Work to complete: Pictures in the records below must be left out. Return exactly the lines from the line with "Poster happy st." to the line with "Kick scooter toy mockup, right view", both included.

Task input:
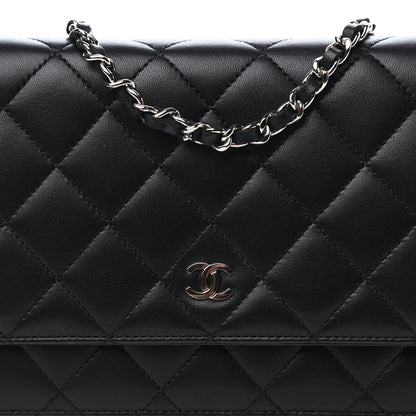 Chanel Lambskin Quilted Wallet On Chain WOC Black 11 of 11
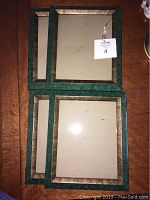 Four spackled green and muted gold 8x10 picture frames laid out showing front side with color and texture details.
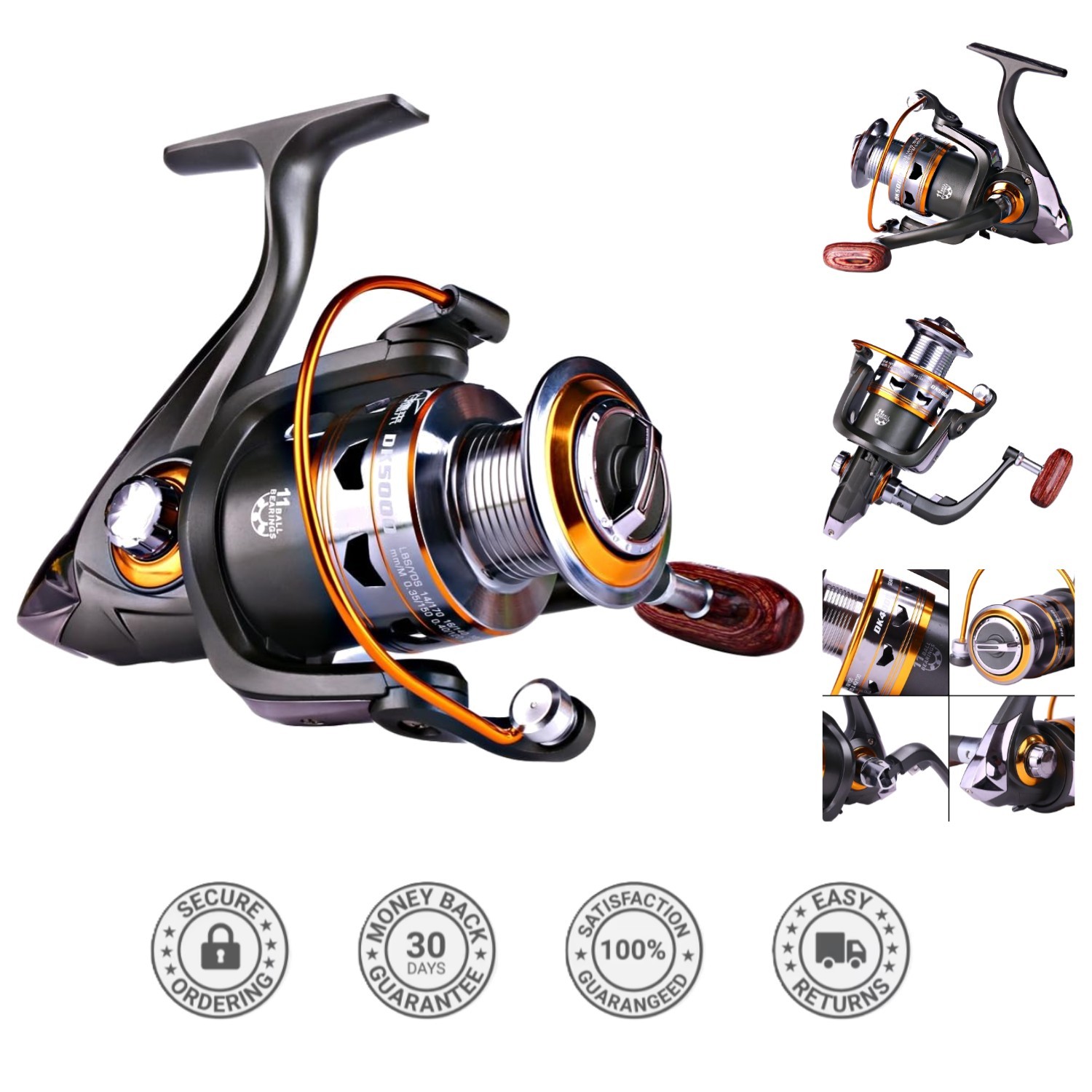 Collapsible Wood Handle Spinning Reel with 5.2:1 Ratio – Perfect for All Anglers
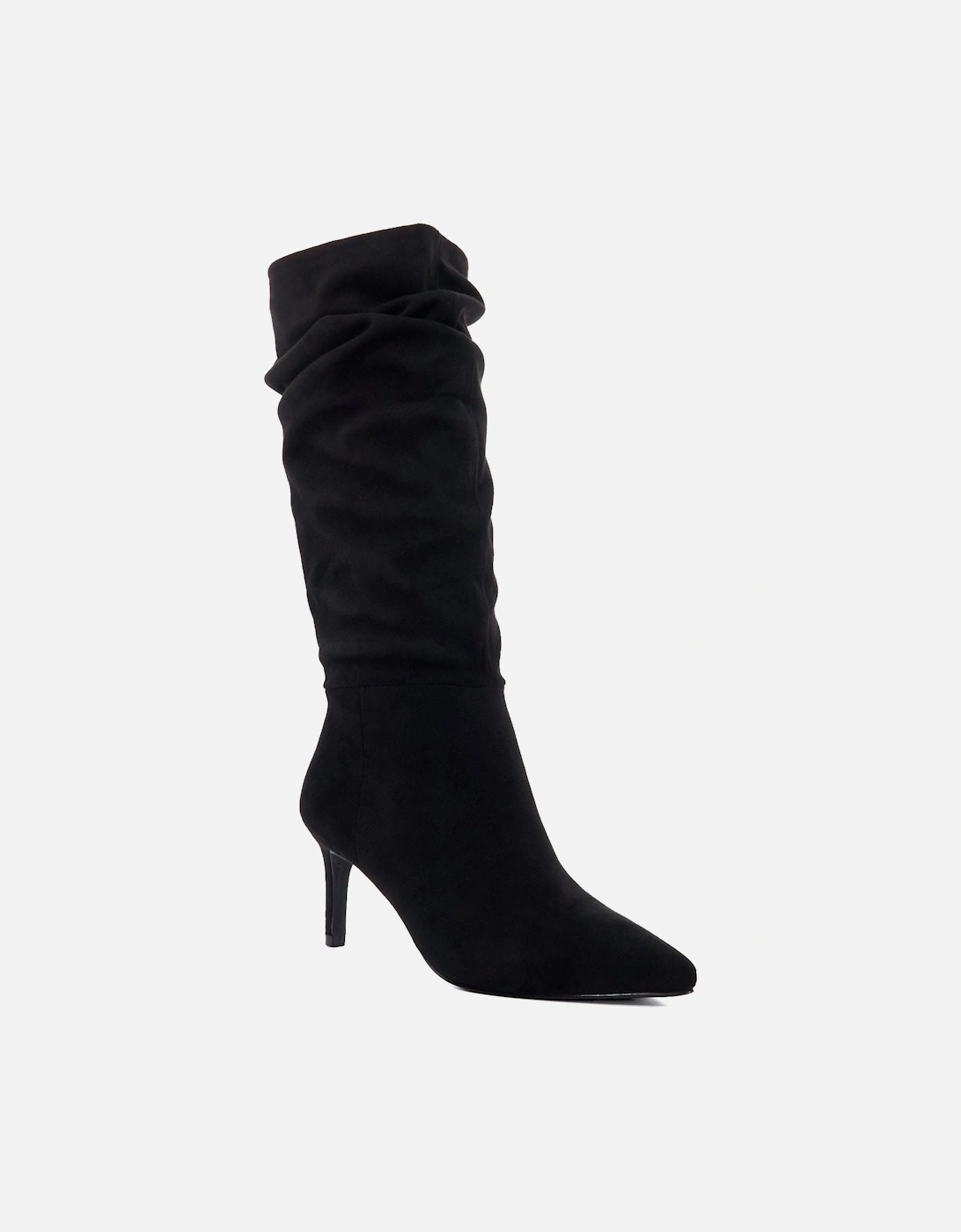 Sliced Slouchy Mid Heel Boots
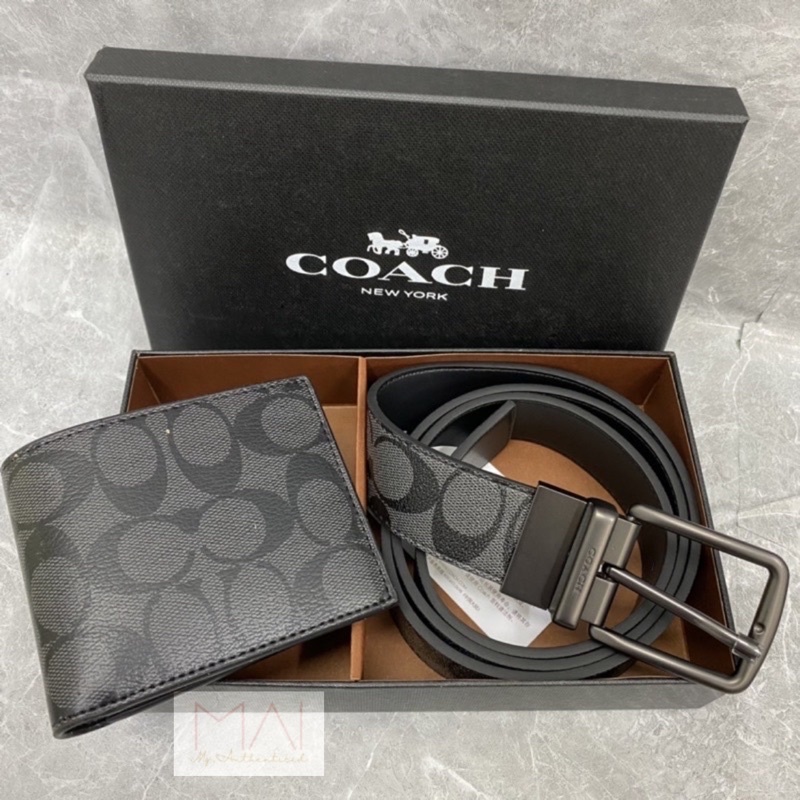 Jual COC Men Gift Set Belt And Wallet In Signature Canvas Black ...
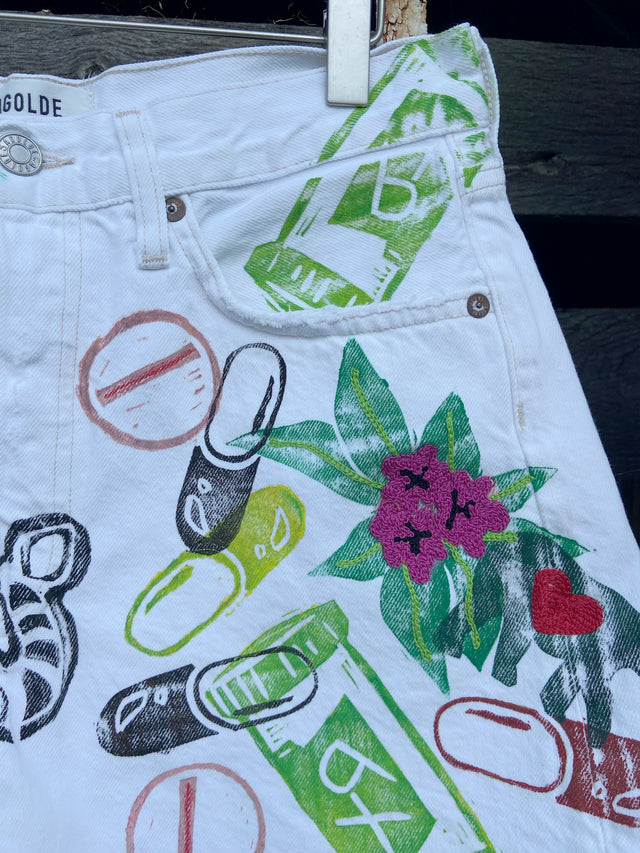 DIY Custom Painted Jeans l LV Jeans 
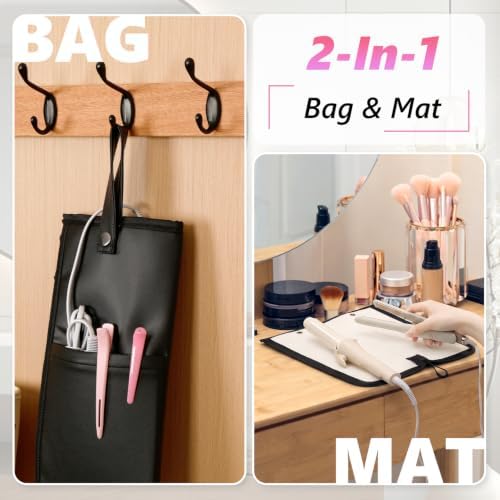 2-in-1 Heat Resistant Mat & Storage Bag with Pocket for Hair Tools - Image 5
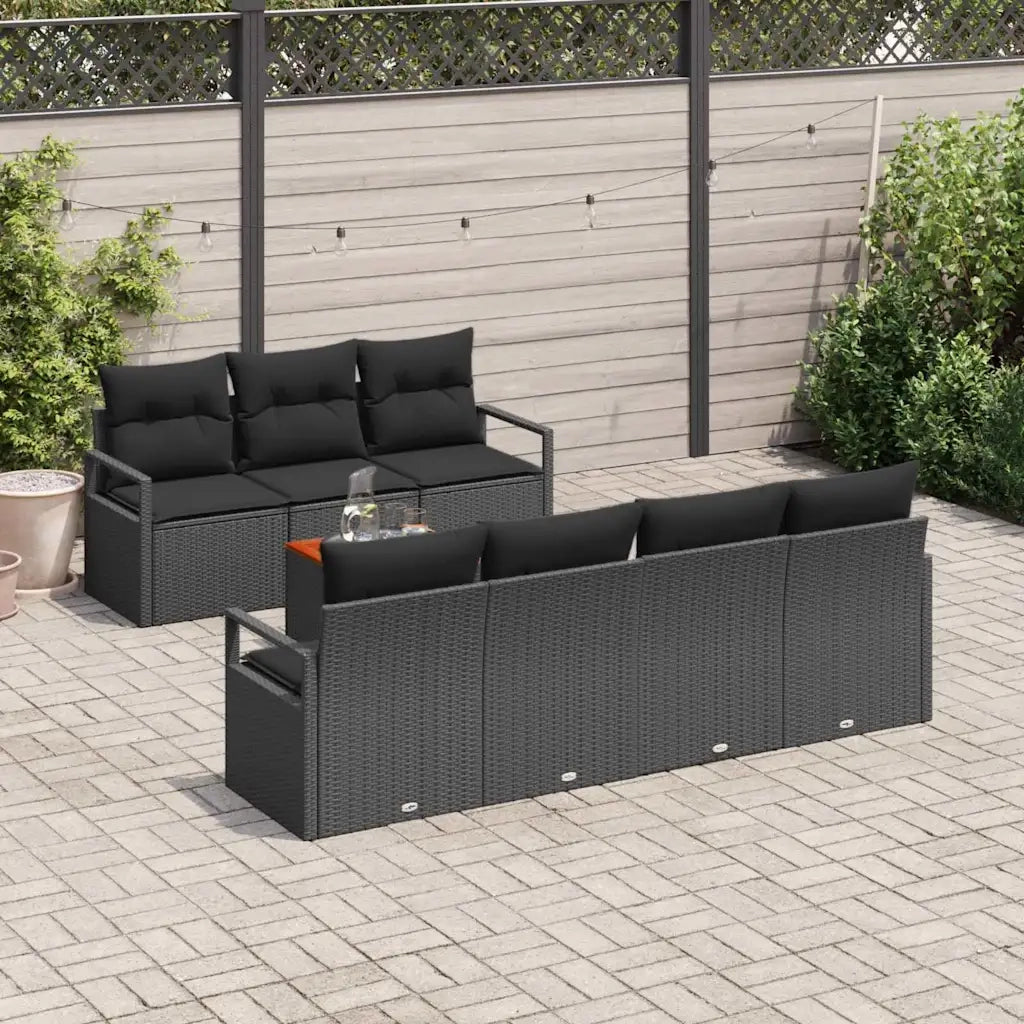 Set Divano da Giardino con archiviazione 8 pcs Nero polyrattan 3356336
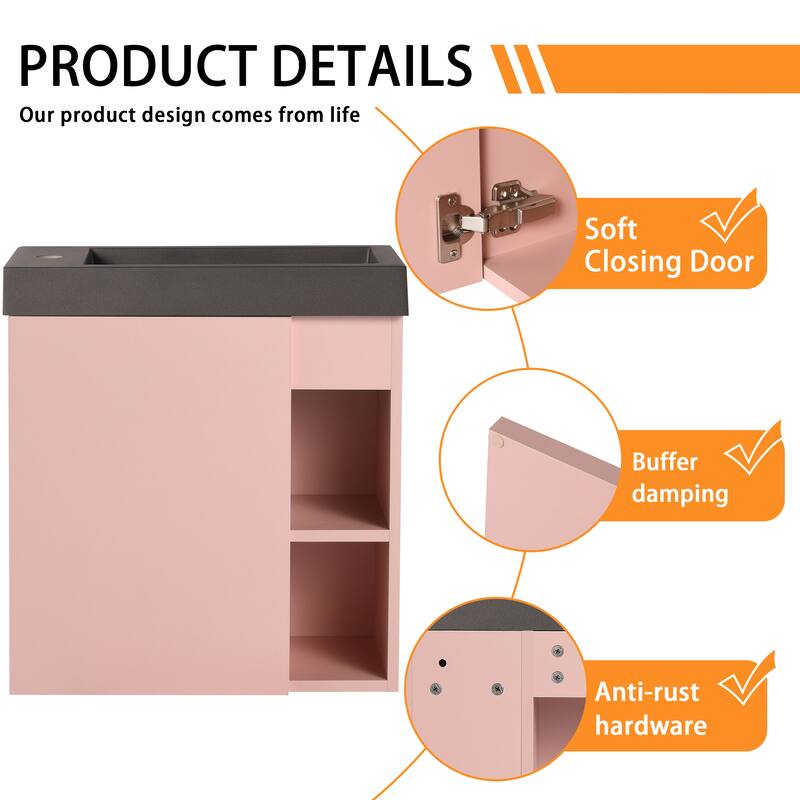 Bathroom Vanity With Sink In 20 Inch, Floating Bathroom Vanity With Soft Close Door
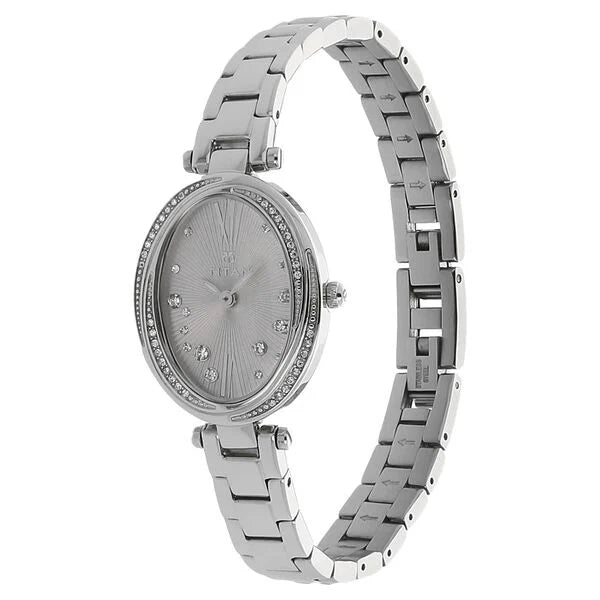 Titan 95025SM02 | Titan Quartz Analog Purple Dial Stainless Steel Strap Watch for Women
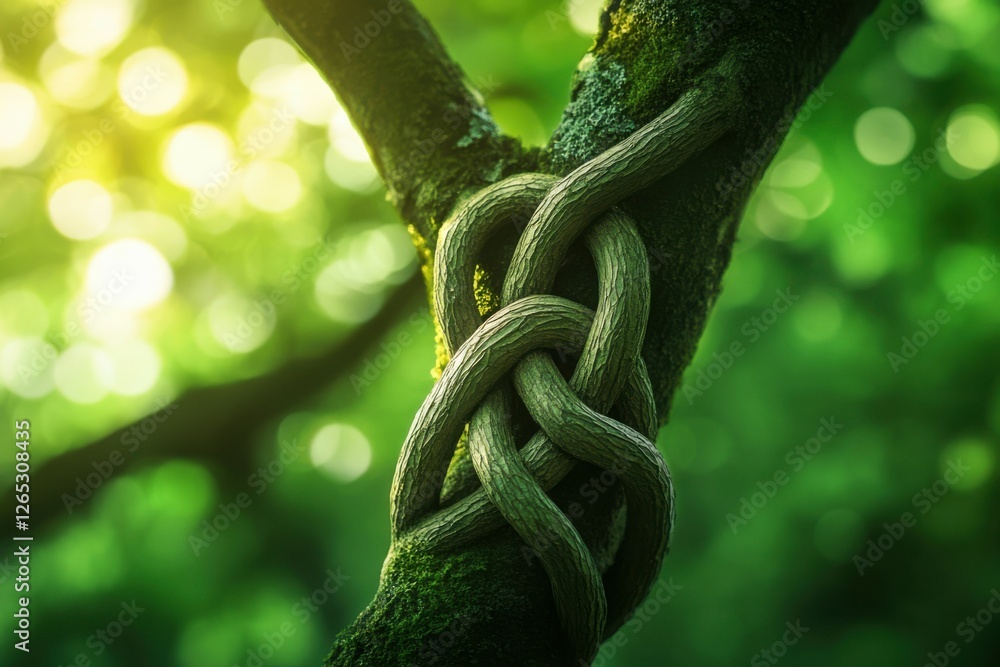 Poster happy st. patrick's day background, a tree branch naturally twisted into a celtic knot pattern, with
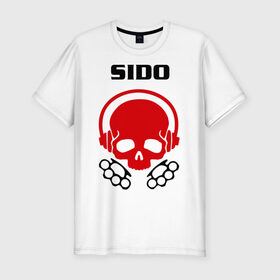 Мужская футболка премиум с принтом Sido в Тюмени, 92% хлопок, 8% лайкра | приталенный силуэт, круглый вырез ворота, длина до линии бедра, короткий рукав | sido | кости | музыка | наушники | черепа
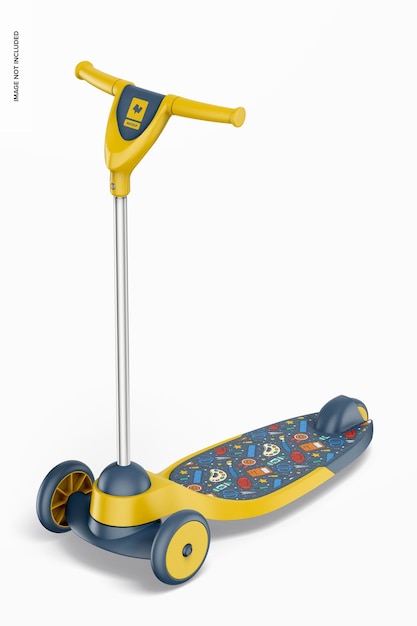 Kick scooter toy mockup, right view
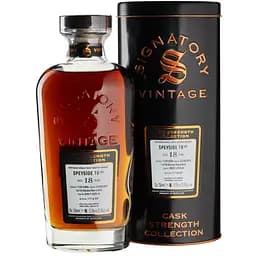 Віскі Signatory Vintage Speyside 18 yo Cask Strength Single Malt Scotch Whisky 57.5% 0.7 л в тубусі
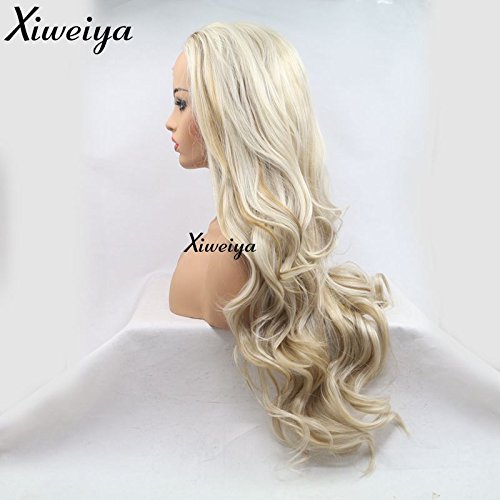 Miniatura 5 de Xiweiya Pelucas largas onduladas de cuerpo mixto, rubio dorado, peluca de encaje frontal, peluca de cabello sintético ondulado natural resistente al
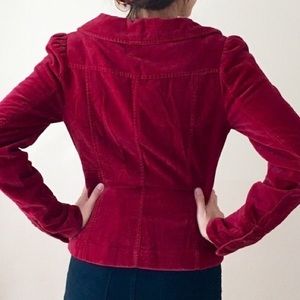 H&M Red Velvet Zip Up Blazer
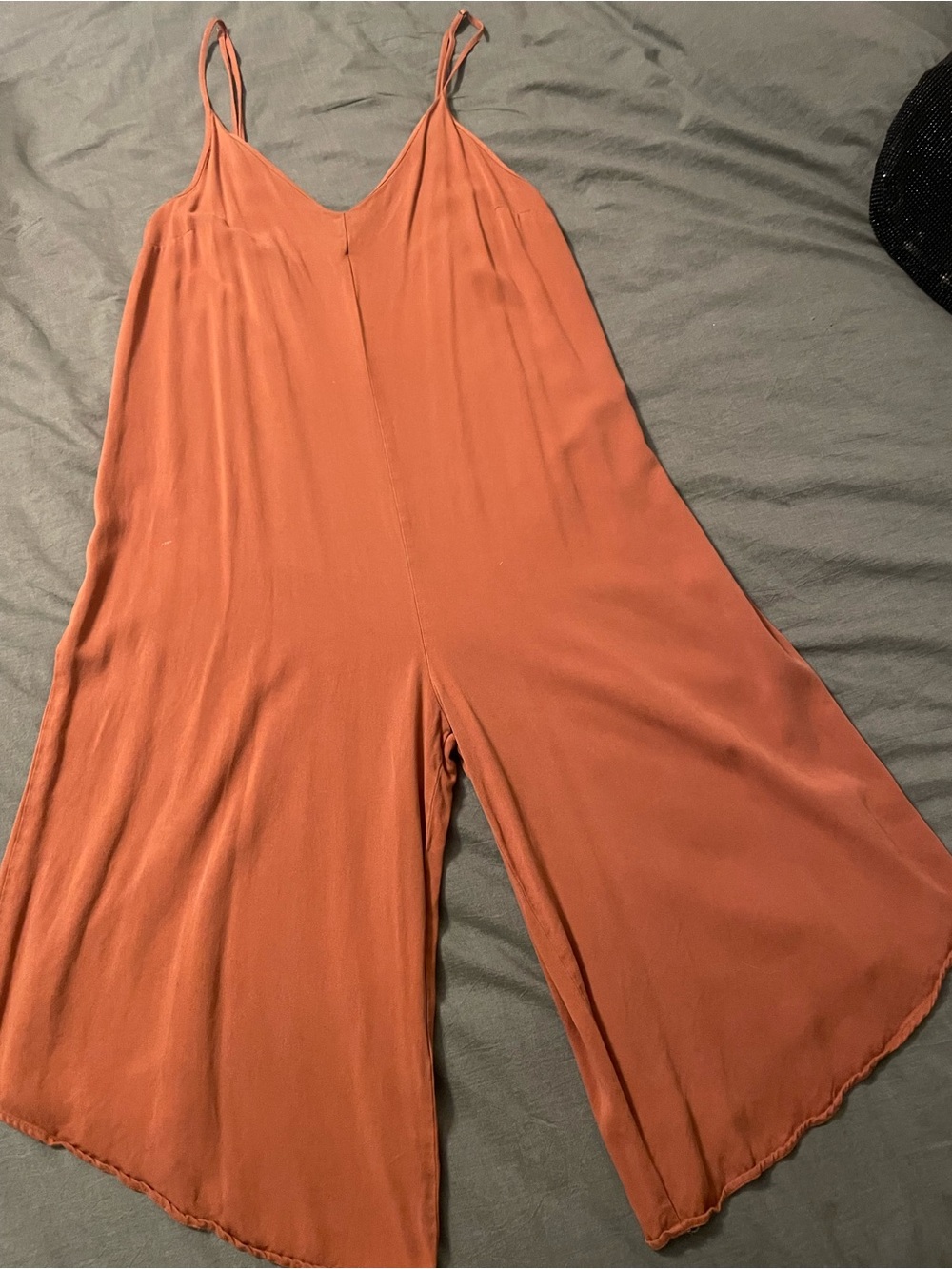 Women’s Rust Wide-Leg Jumpsuit with Spaghetti Straps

Exercise output:
 Poster happy st. patrick's day background, a tree branch naturally twisted into a celtic knot pattern, with
 Мужская футболка премиум с принтом Sido в Тюмени, 92% хлопок, 8% лайкра | приталенный силуэт, круглый вырез ворота, длина до линии бедра, короткий рукав | sido | кости | музыка | наушники | черепа
 Kick scooter toy mockup, right view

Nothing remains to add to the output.